The people may have desired their own leader. A representative of their own but such relational commitment is not necessarily the best option. The leader is idolized into the supreme order. He becomes the face of the nation. He demonstrates his power and influence uniting the people. He is so amazing he deserves so much praise. The law becomes a relic of a bygone past and the leader the new legacy. Permanence prevails in hyper-focusing on the leader over the law. The king over the king of kings. The law is fossilized in favor of a new naturalized model. Man replaces God. Mortality replaced immortality. Finite leadership in place of the infinite law. The place of the prophet is to balance this error. The king is not the new focus but a part of the divine chessboard. He is anointed by God. If he is not anointed, he is equivalent to the false prophet. 

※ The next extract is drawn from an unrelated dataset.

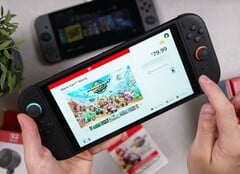 Онлайновые функции, такие как Nintendo eShop, недоступны на некоторых моделях Switch 2 (Источник изображения: Daniel Romero)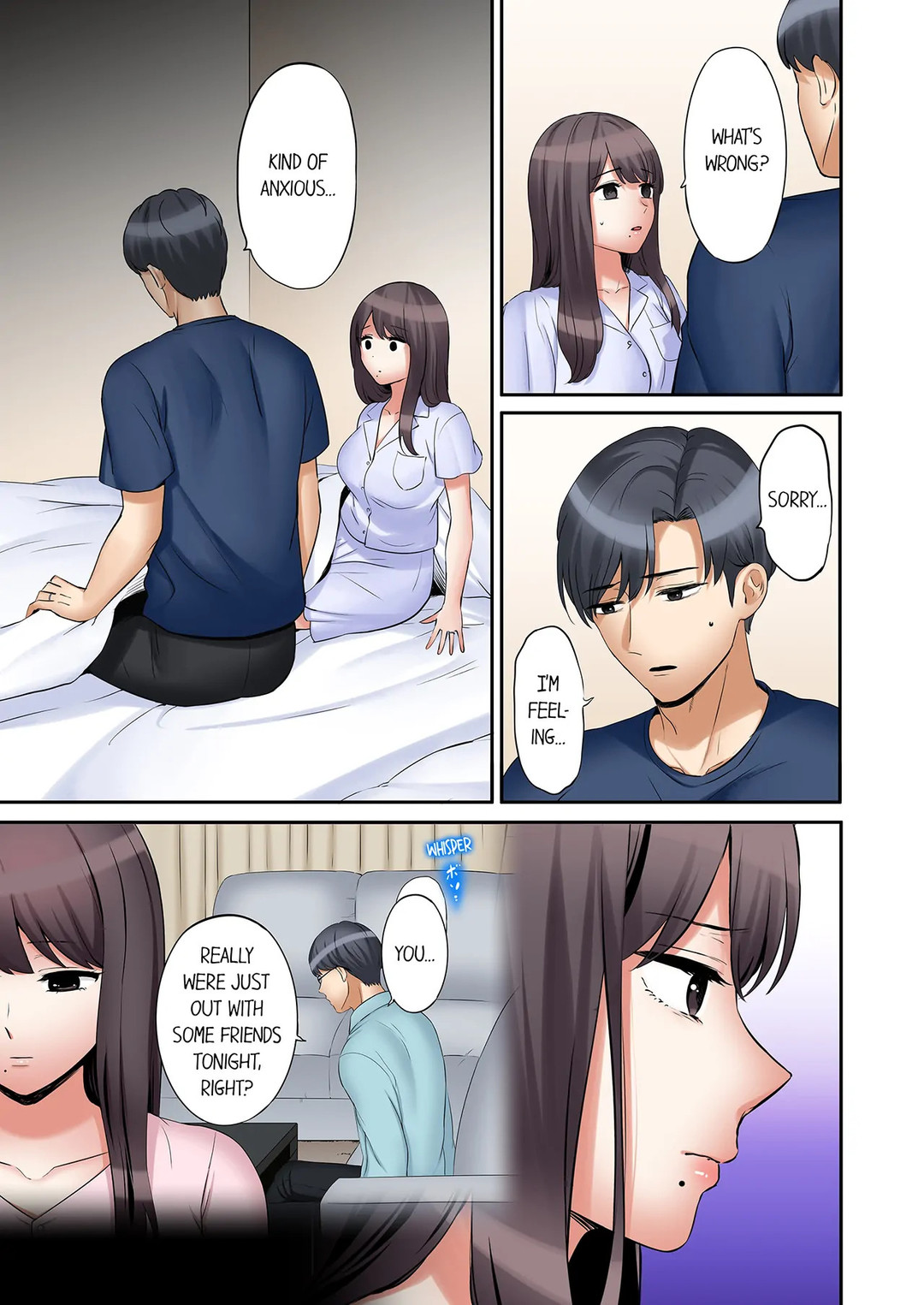 You Can Cum Three More Times, Right? - Chapter 100 Page 3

Deuteronomy is Moses’ foretelling of the future. A king will be desired. It is an eventual part of political development. Industrialization as well as order establish a unified federalism. The king makes sense but it ought not forget the divine banner. The king carries a Torah scroll to war as a sign of his submission to God and the covenant. The king must demonstrate his allegiance to God. The prophet is the check on the king but the king must display his commitment. Hakhel sums this up. The law of the king to read the Torah every seven years to the entire nation on Sukkoth. A way of imploring the people of their heritage. The king’s duty is not solely political and nor was the judges. Regarding Deborah who was the judge and prophetess, it was her sidekick Barack who was the military strategist. Yet it was Yael of the Keini (Jethro) who slew Sisra and brought peace to Israel. 

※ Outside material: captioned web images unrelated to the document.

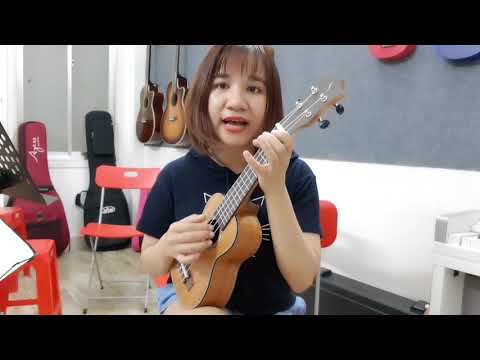 Video [Hướng dẫn Ukulele] Một nhà - 2 cách quạt - Dalab - youtube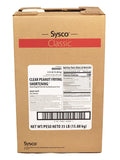 1-PACK OF SHORTENING FRY PEANUT CLEAR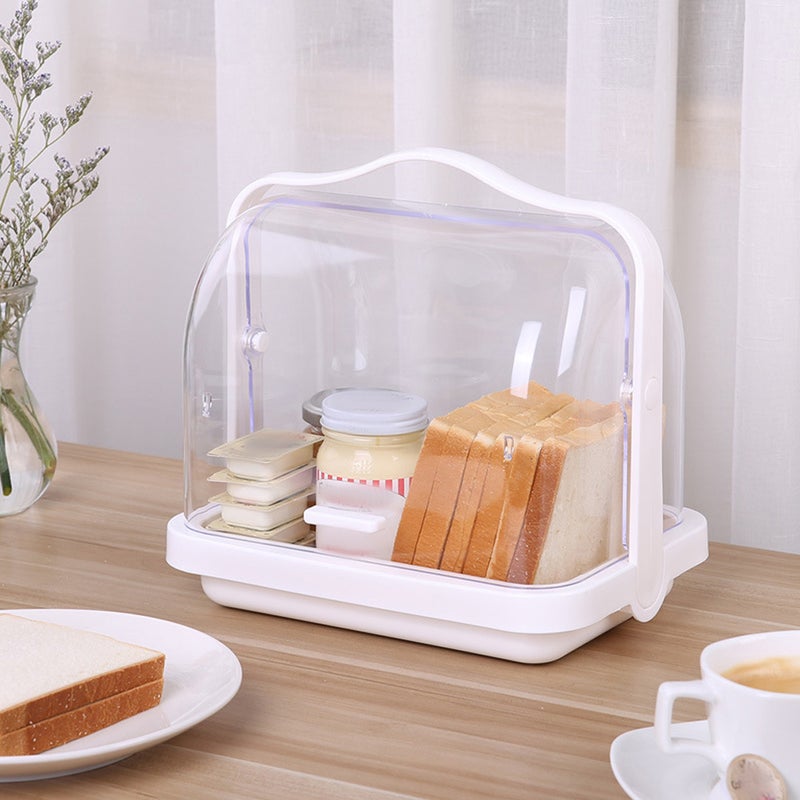 Handheld Bread Storage Box Infant Dishes Box Baby Bottle Storage Box - Image 2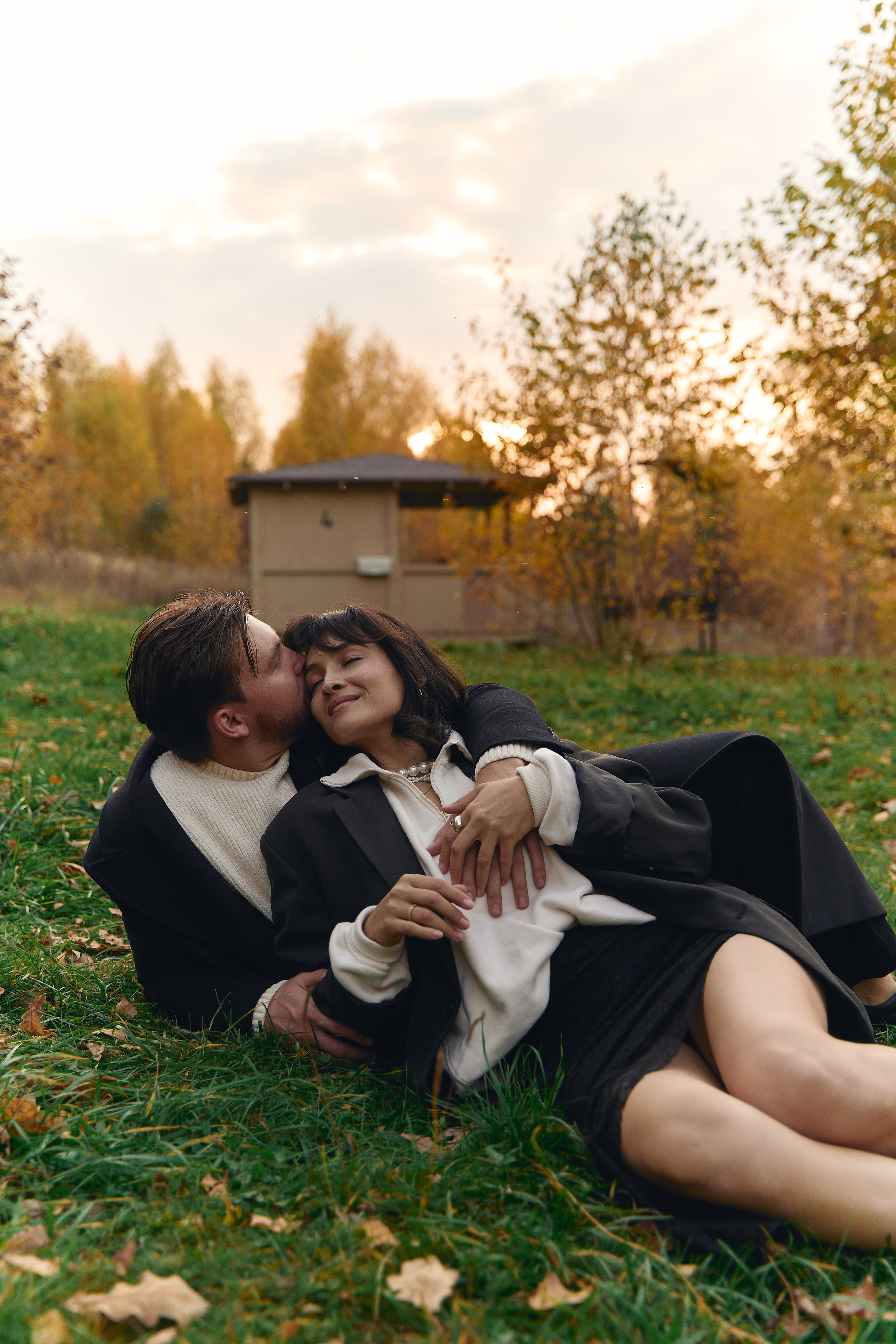 Alyona & Artemiy. Фотограф Дарья Зайцева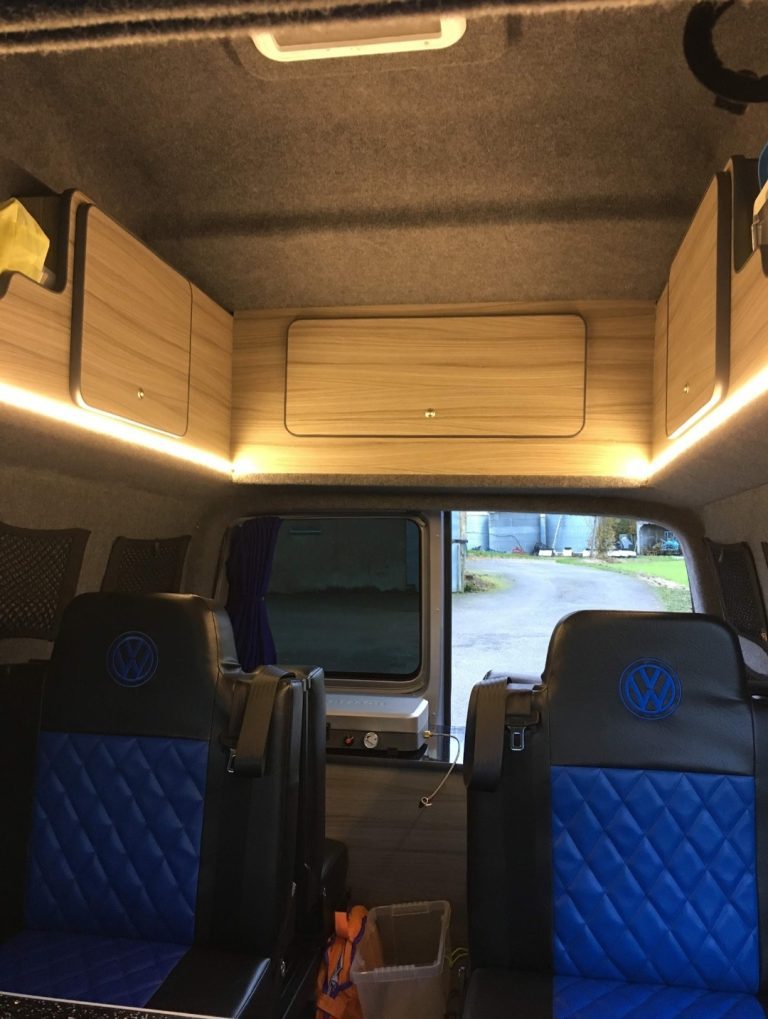 vw transporter swb hightop campervan for sale in kent -the dub hut 2025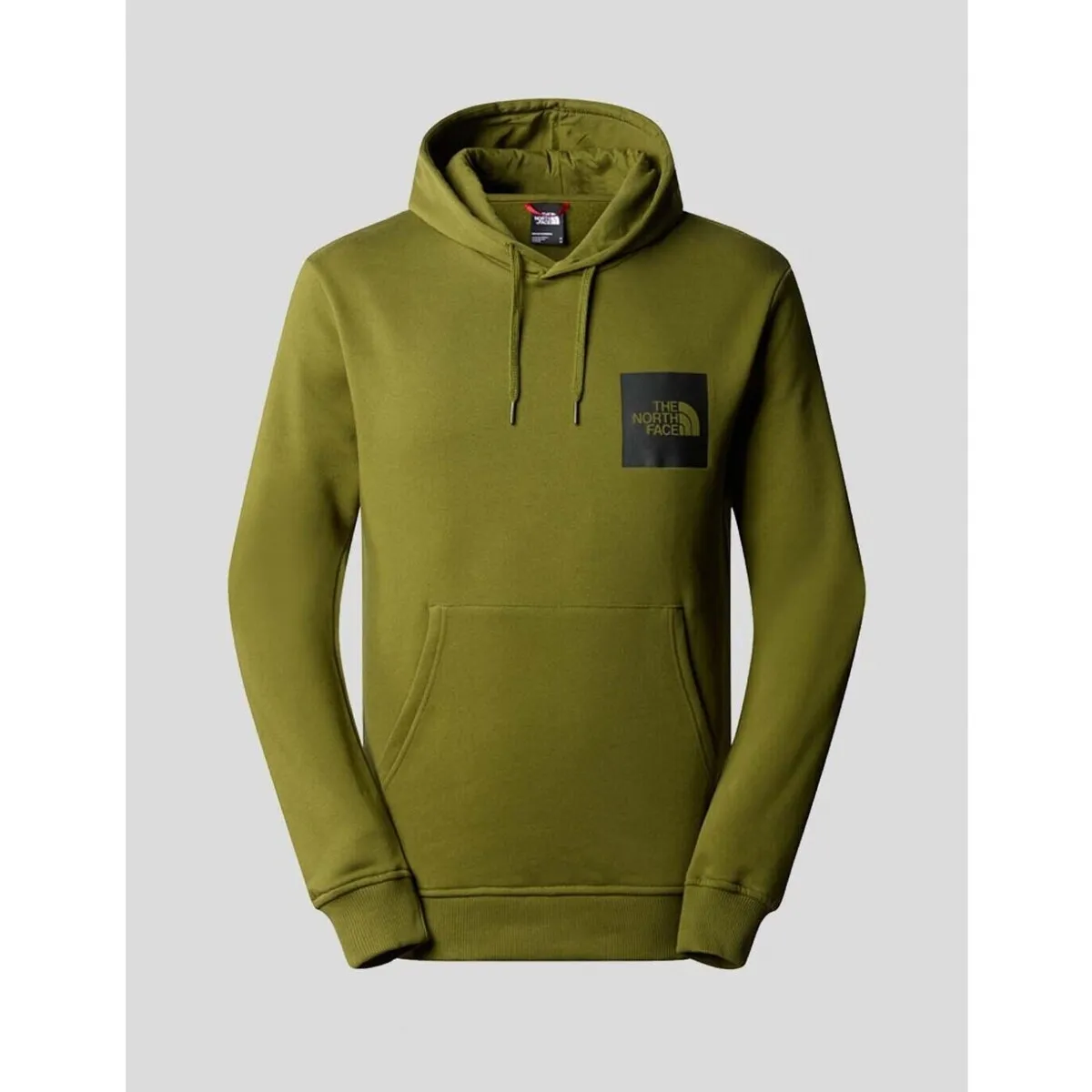 SUDADERA  FINE HOODIE  FOREST OLIVE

Hakhel is fascinating because unlike the other prohibitions against excess materialism (wives, horses, money) this was a positive commandment on the king alone with no relation to the prophet, only that the prophet seemingly ensure the king pull through though not explicitly mentioned in Deuteronomy nor in Sotah. Every Sukkoth Sabbatical year at the temple, the king would read aloud certain verses from Deuteronomy. Sotah details these verses: Parshat Devarim till Shema, vehaya, blessings and curses and maybe the deeds in Parshat kedoshim. Parshat Devarim begins with Moses retelling the history and concludes with Moses directing them to recall the divine word. Listen Israel God is ours and he is one and listen to his commandments to be blessed lest you be punished for disobedience. Additionally be holy by acting in this manner towards God and others. The king relates the historical record and the eternal authority of God. He encourages the people while also submitting his servitude.

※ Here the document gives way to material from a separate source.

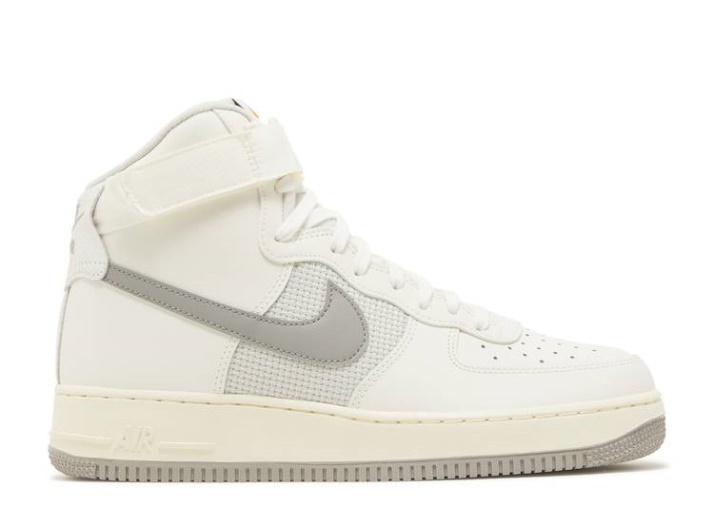 Nike Air Force 1 High '07 Lv8 - Vela Gris Medio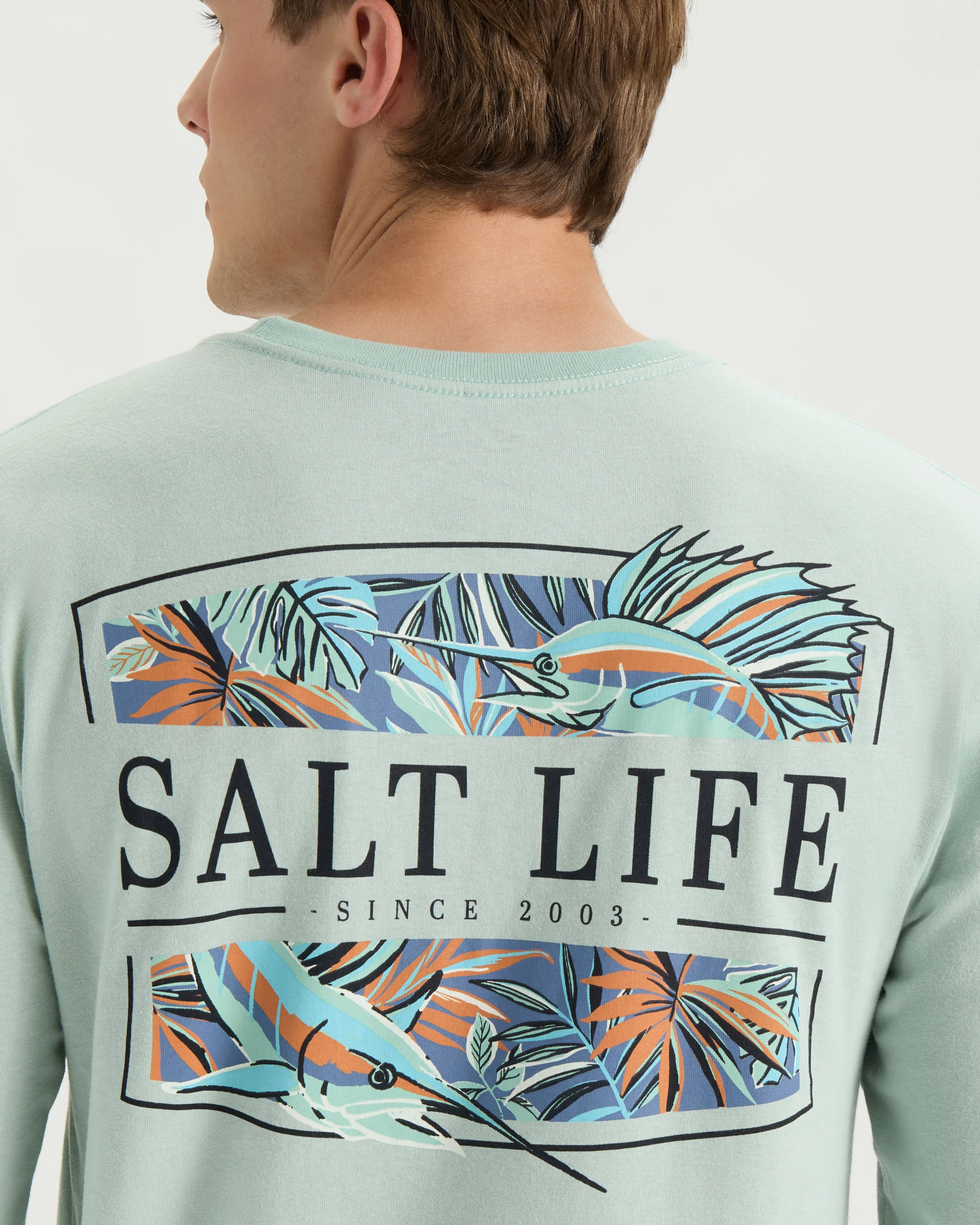Men’s Lush Canopy Long Sleeve Shirt - Image 5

Moses recognizes the inevitability of a political monarchy. It is not a question of ideal or not but rather how to act under those conditions. If you want a king here are the rules. Here are the parameters to follow. It is easy to forget God when there is a human leader over an aspiring legal system. Deuteronomy foresees the possibility of a framework with permanent human authority. The messianic trope seeks to install a king from the davidic line reclaiming the monarchy. While righteous it promotes collectivism instead of fragmented tribalism. Deuteronomy is no longer a plausibility but a prophecy. The judicial age is no more only the salvation under the monarchic centrality. Yet the messiah will read these powerful verses from Moses every Sukkoth Sabbatical year to reinvigorate the relationship with ineffable and commitment to the covenant.